ガーネット系蛍光体としては、例えば、(Y,Gd,Lu,Tb,La)3(Al,Ga)5O12:(Ce,Eu,Nd)、
オルソシリケートとしては、例えば、(Ba,Sr,Ca,Mg)2SiO4:(Eu,Ce)、
(酸)窒化物蛍光体としては、例えば、(Ba,Ca,Mg)Si2O2N2:Eu(SION系蛍光体)、(Li,Ca)2(Si,Al)12(O,N)16:(Ce,Eu)(α-サイアロン蛍光体)、(Ca,Sr)AlSi4(O,N)7:(Ce,Eu)(1147蛍光体)、(La,Ca)3(Al,Si)6N11:Ce(LSN蛍光体)
などが挙げられる。
【0111】
尚、上記蛍光体においては、蛍光体の比重が大きく違わないLSN蛍光体が好ましい。
【0112】
(赤色蛍光体)
本発明の発光装置は、更に赤色蛍光体を含有していてもよい。
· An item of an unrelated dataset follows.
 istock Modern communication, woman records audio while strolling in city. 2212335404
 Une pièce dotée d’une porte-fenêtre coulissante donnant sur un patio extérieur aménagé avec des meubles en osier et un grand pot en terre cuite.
赤色蛍光体としては、例えば、下記の蛍光体が好適に用いられる。
【0113】
Mn付活フッ化物蛍光体としては、例えば、K2(Si,Ti)F6:Mn、K2Si1-xNaxAlxF6:Mn(0<x<1)(まとめてKSF蛍光体)、
硫化物蛍光体としては、例えば、(Sr,Ca)S:Eu(CAS蛍光体)、La2O2S:Eu(LOS蛍光体)、
ガーネット系蛍光体としては、例えば、(Y,Lu,Gd,Tb)3Mg2AlSi2O12:Ce、
ナノ粒子としては、例えば、CdSe、
窒化物または酸窒化物蛍光体としては、例えば、(Sr,Ca)AlSiN3:Eu(S/CASN蛍光体)、(CaAlSiN3)1-x・(SiO2N2)x:Eu(CASON蛍光体)、(La,Ca)3(Al,Si)6N11:Eu(LSN蛍光体)、(Ca,Sr,Ba)2Si5(N,O)8:Eu(258蛍光体)、(Sr,Ca)Al1+xSi4-xOxN7-x:Eu(1147蛍光体)、Mx(Si,Al)12(O,N)16:Eu(Mは、Ca、Srなど)(αサイアロン蛍光体)、Li(Sr,Ba)Al3N4:Eu(上記のxは、いずれも0<x<1)
などが挙げられる。
【0114】
赤色蛍光体としては上記の中でもKSF蛍光体やS/CASN蛍光体であることが好ましい。
【0115】
(緑色蛍光体)
本発明の発光装置は、更に緑色蛍光体を含有していてもよい。本発明における緑色蛍光体は、発光ピーク波長が510~545nmである蛍光体であり、例えば、下記の蛍光体が好適に用いられる。
【0116】
ガーネット系蛍光体としては、例えば、(Y,Gd,Lu,Tb,La)3(Al,Ga)5O12:(Ce,Eu,Nd)、Ca3(Sc,Mg)2Si3O12:(Ce,Eu)(CSMS)、
シリケート系蛍光体としては、例えば、(Ba,Sr,Ca,Mg)3SiO10:(Eu,Ce)、(Ba,Sr,Ca,Mg)2SiO4:(Ce,Eu)(BSS蛍光体)、
酸化物蛍光体としては、例えば、(Ca,Sr,Ba,Mg)(Sc,Zn)2O4:(Ce,Eu)(CASO蛍光体)、
(酸)窒化物蛍光体としては、例えば、(Ba,Sr,Ca,Mg)Si2O2N2:(Eu,Ce)、Si6-zAlzOzN8-z:(Eu,Ce)(β-サイアロン蛍光体)(0<z≦1)、(Ba,Sr,Ca,Mg,La)3(Si,Al)6O12N2:(Eu,Ce)(BSON蛍光体)、(La,Ca)3(Al,Si)6N11:Ce(LSN蛍光体)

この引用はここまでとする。